Paréceme, Sancho, que no hay refrán que no sea verdadero, porque todos son sentencias sacadas de la mesma experiencia, madre de las ciencias todas.

Es la medida y la oportunidad del uso lo que diferencia al caballero del escudero. Las retahílas de refranes pronunciados por Sancho, que exasperan a don Quijote, son un recurso cómico que Cervantes utiliza en varias ocasiones. En el capítulo II-XLIII, en el que podemos encontrar un interesante diálogo sobre el poder del vulgo sobre la lengua, se produce un debate que pone de manifiesto la pugna entre la locuacidad de uno y la mesura del otro.

—También, Sancho, no has de mezclar en tus pláticas la muchedumbre de refranes que sueles, que, puesto que los refranes son sentencias breves, muchas veces los traes tan por los cabellos, que más parecen disparates que sentencias.
—Eso Dios lo puede remediar —respondió Sancho—, porque sé más refranes que un libro, y viénenseme tantos juntos a la boca cuando hablo, que riñen por salir unos con otros, pero la lengua va arrojando los primeros que encuentra, aunque no vengan a pelo. Mas yo tendré cuenta de aquí adelante de decir los que convengan a la gravedad de mi cargo, que en casa llena, presto se guisa la cena, y quien destaja, no baraja, y a buen salvo está el que repica, y el dar y el tener, seso ha menester.
—¡Eso sí, Sancho! —dijo don Quijote—. ¡Encaja, ensarta, enhila refranes, que nadie te va a la mano! ¡Castígame mi madre, y yo trómpogelas! Estoyte diciendo que escuses refranes, y en un instante has echado aquí una letanía dellos, que así cuadran con lo que vamos tratando como por los cerros de Úbeda. Mira, Sancho, no te digo yo que parece mal un refrán traído a propósito; pero cargar y ensartar refranes a troche moche hace la plática desmayada y baja.

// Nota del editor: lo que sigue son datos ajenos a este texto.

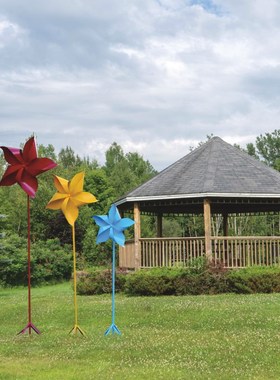 不锈钢铁艺户外简约大风车落地摆件园林景观游乐园售楼部雕塑装饰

Este enfrentamiento es recreado en otros pasajes similares e incluso tiene parangón en un diálogo entre Sancho y su mujer en el que este es el que reprende la verborrea de Teresa.

En el repertorio de paremias del Quijote podemos encontrar versiones truncadas, en las que el refrán se insinúa con cierta retranca. En el capítulo II-LXXI Sancho dice «no se toman truchas… y no digo más» como alusión a un refrán muy popular que aparece también en la Celestina: No se toman truchas a bragas enjutas y que tiene un significado similar al moderno El que quiera peces, que se moje el culo. La misma fórmula utiliza en el capítulo I-XLV: «pero allá van leyes… y no digo más» en referencia a Allá van leyes, do quieren reyes, refrán que Cervantes utiliza en varias ocasiones y que viene a decir que los poderosos acomodan la ley a su conveniencia. Curiosamente aparece con otro recurso cómico, la alteración del orden de los elementos: «allá van reyes do quieren leyes» en boca de Teresa (II-V). Un caso parecido es la transformación que, con afilada ironía, Cervantes hace del refrán La mujer honrada, la pierna quebrada y en casa, que en boca de Sancho se convierte en El buen gobernador, la pierna quebrada y en casa (II-XXXIIII). Estos retruécanos humorísticos permiten al autor hacer una crítica solapada.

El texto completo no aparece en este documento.